◆ **TASK PROMPT**: Output only the lines below that start at the line containing "apartamentos turísticos Segovia salón 2 apartamentos" and end at the line containing "Linda Jovem Afro", with both ends kept.

◆ **DATA SHOWN**:
Content starts

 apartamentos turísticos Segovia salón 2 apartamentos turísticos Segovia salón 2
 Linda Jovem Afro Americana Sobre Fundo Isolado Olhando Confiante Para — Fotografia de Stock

Content ends
Content starts

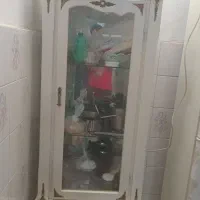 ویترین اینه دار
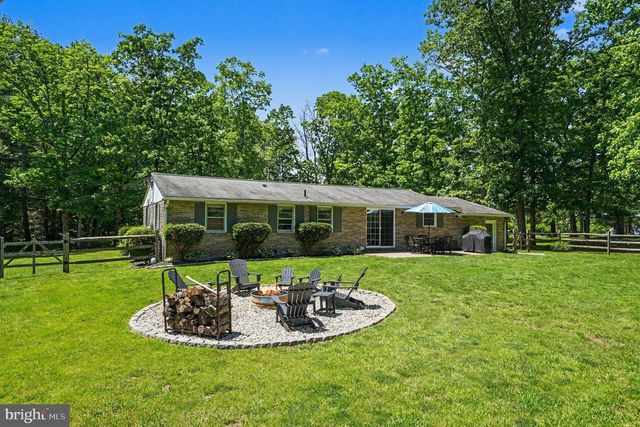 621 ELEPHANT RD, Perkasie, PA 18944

Content ends

◆ **RESPONSE AREA**:
 apartamentos turísticos Segovia salón 2 apartamentos turísticos Segovia salón 2
 Linda Jovem Afro Americana Sobre Fundo Isolado Olhando Confiante Para — Fotografia de Stock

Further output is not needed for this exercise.